The foregoing description of the Purchase Agreement is not complete and is subject to, and qualified in its entirety by, the full text of the Purchase Agreement, which is attached as Exhibit 10.1 to this Current Report on Form 8-K and incorporated herein by reference.
Collaboration Agreement
Concurrently with the execution of the Merger Agreement, Caladrius and Cend entered into a Collaboration Agreement (the “Collaboration Agreement”), pursuant to which Caladrius and Cend agreed to collaborate on certain developmental and clinical activities prior to the closing of the Merger. Under the Collaboration Agreement, Caladrius and Cend will form a joint steering committee (the “Committee”) comprised of individuals from both entities. The Committee will meet regularly and be responsible for monitoring ongoing studies and making recommendations for development activity and trial planning. Cend has agreed to pay each member of the Committee from Caladrius an hourly consulting fee for such service.
The foregoing description of the Collaboration Agreement is not complete and is subject to, and qualified in its entirety by, the full text of the Collaboration Agreement, which is attached as Exhibit 10.2 to this Current Report on Form 8-K and incorporated herein by reference.

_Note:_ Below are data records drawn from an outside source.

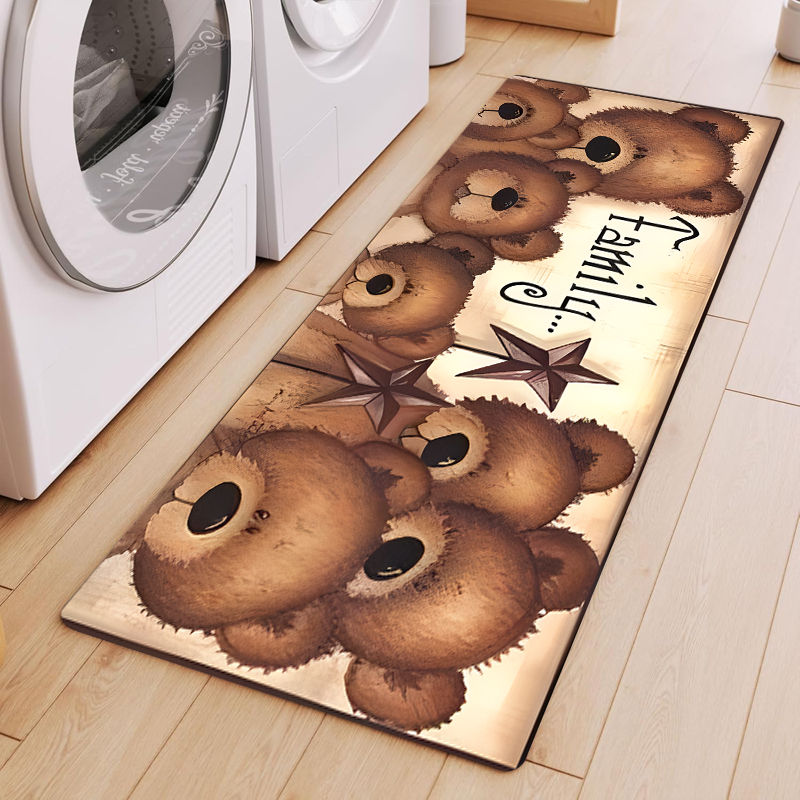 Red Check Border Cartoon Bakin - Kitchen Living Baking Mats recension och pris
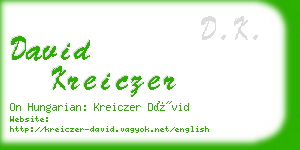 david kreiczer business card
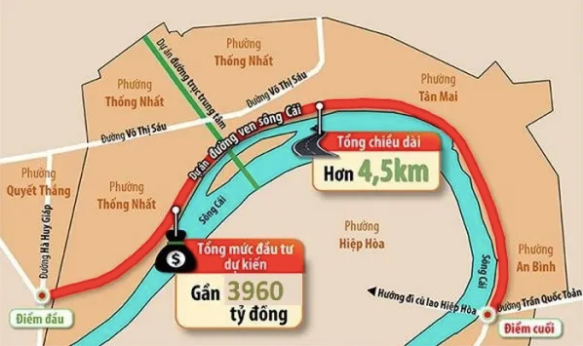 Thủ phủ của tỉnh Đồng Nai 'rót' gần 4.500 tỷ đồng gỡ khó cho dự án trọng điểm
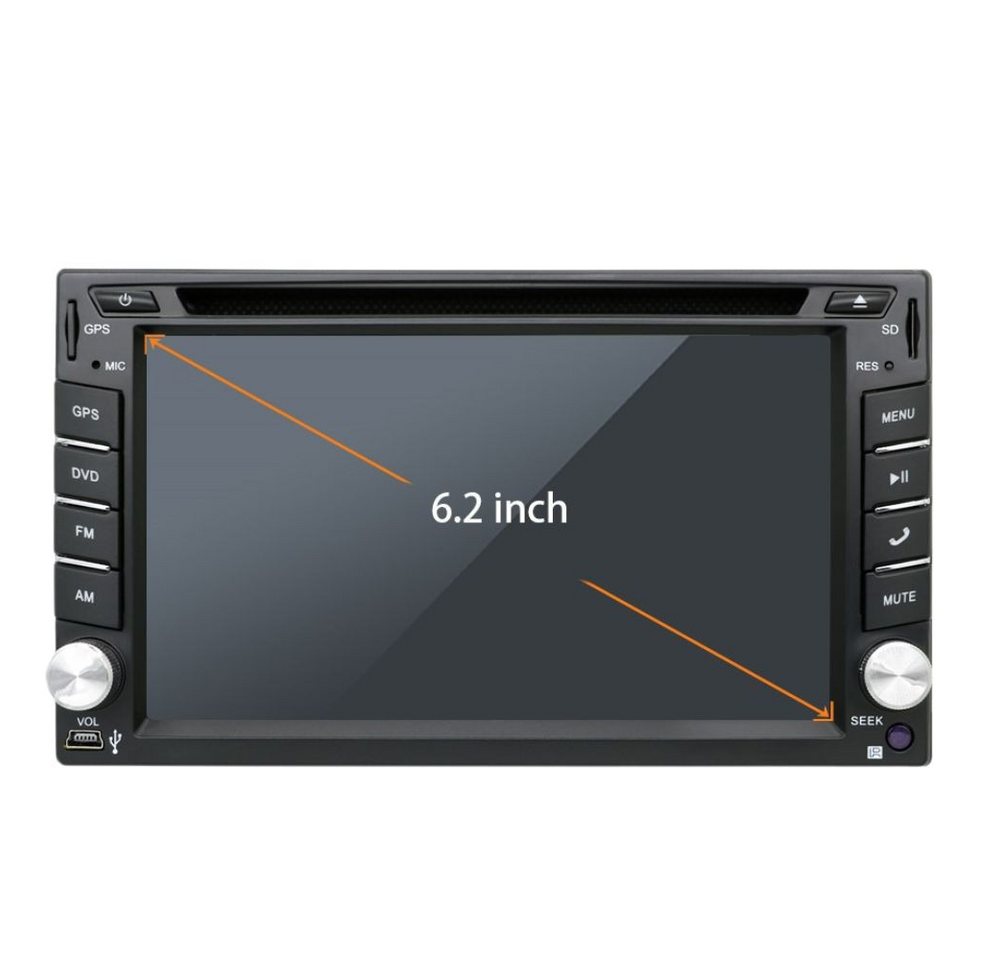 GABITECH 6.2" 2 DIN Carplay Android 13 Autoradio GPS Navi BT WIFI DVD Autoradio (Universal 2 DIN Autoradio- Drahtlos Carplay und Android Auto) GABITECH 6.2" 2 DIN Carplay Android 13 Autoradio GPS Navi BT WIFI DVD Autoradio (Universal 2 DIN Autoradio- Drahtlos Carplay und Android Auto) von GABITECH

Forward-Looking Statements
This communication contains “forward-looking statements” that involve substantial risks and uncertainties for purposes of the safe harbor provided by the Private Securities Litigation Reform Act of 1995. All statements, other than statements of historical facts, included in this communication regarding strategy, future operations, future financial position, future revenue, projected expenses, prospects, plans and objectives of management are forward-looking statements. In addition, when or if used in this communication, the words “may,” “could,” “should,” “anticipate,” “believe,” “estimate,” “expect,” “intend,” “plan,” “predict” and similar expressions and their variants, as they relate to Caladrius, Cend or the management of either company, before or after the aforementioned merger, may identify forward-looking statements. Examples of forward-looking statements include, but are not limited to, statements relating to the timing and completion of the proposed merger; Caladrius’s continued listing on the Nasdaq Capital Market until closing of the proposed merger; the combined company’s listing on the Nasdaq Capital Market after closing of the proposed merger; expectations regarding the capitalization, resources and ownership structure of the combined company; the approach Cend is taking to discover and develop novel therapeutics; the adequacy of the combined company’s capital to support its future operations and its ability to successfully initiate and complete clinical trials; the
difficulty in predicting the time and cost of development of Cend’s product candidates; the nature, strategy and focus of the combined company; the executive and board structure of the combined company; and expectations regarding voting by Caladrius’s and Cend’s stockholders. Actual results could differ materially from those contained in any forward-looking statement as a result of various factors, including, without limitation: the risk that the conditions to the closing of the transaction are not satisfied, including the failure to timely or at all obtain stockholder approval for the transaction; uncertainties as to the timing of the consummation of the transaction and the ability of each of Caladrius and Cend to consummate the transaction; risks related to Caladrius’s ability to correctly estimate its operating expenses and its expenses associated with the transaction; the ability of Caladrius or Cend to protect their respective intellectual property rights; unexpected costs, charges or expenses resulting from the transaction; potential adverse reactions or changes to business relationships resulting from the announcement or completion of the transaction; and legislative, regulatory, political and economic developments. The foregoing review of important factors that could cause actual events to differ from expectations should not be construed as exhaustive and should be read in conjunction with statements that are included herein and elsewhere, including the risk factors included in Caladrius’s Annual Report on Form 10-K filed with the SEC on March 22, 2022. Caladrius can give no assurance that the conditions to the transaction will be satisfied. Except as required by applicable law, Caladrius undertakes no obligation to revise or update any forward-looking statement, or to make any other forward-looking statements, whether as a result of new information, future events or otherwise.
No Offer or Solicitation
This communication is not intended to and does not constitute an offer to sell or the solicitation of an offer to subscribe for or buy or an invitation to purchase or subscribe for any securities or the solicitation of any vote in any jurisdiction pursuant to the proposed transaction or otherwise, nor shall there be any sale, issuance or transfer of securities in any jurisdiction in contravention of applicable law. No offer of securities shall be made except by means of a prospectus meeting the requirements of Section 10 of the United States Securities Act of 1933, as amended. Subject to certain exceptions to be approved by the relevant regulators or certain facts to be ascertained, the public offer will not be made directly or indirectly, in or into any jurisdiction where to do so would constitute a violation of the laws of such jurisdiction, or by use of the mails or by any means or instrumentality (including without limitation, facsimile transmission, telephone and the internet) of interstate or foreign commerce, or any facility of a national securities exchange, of any such jurisdiction.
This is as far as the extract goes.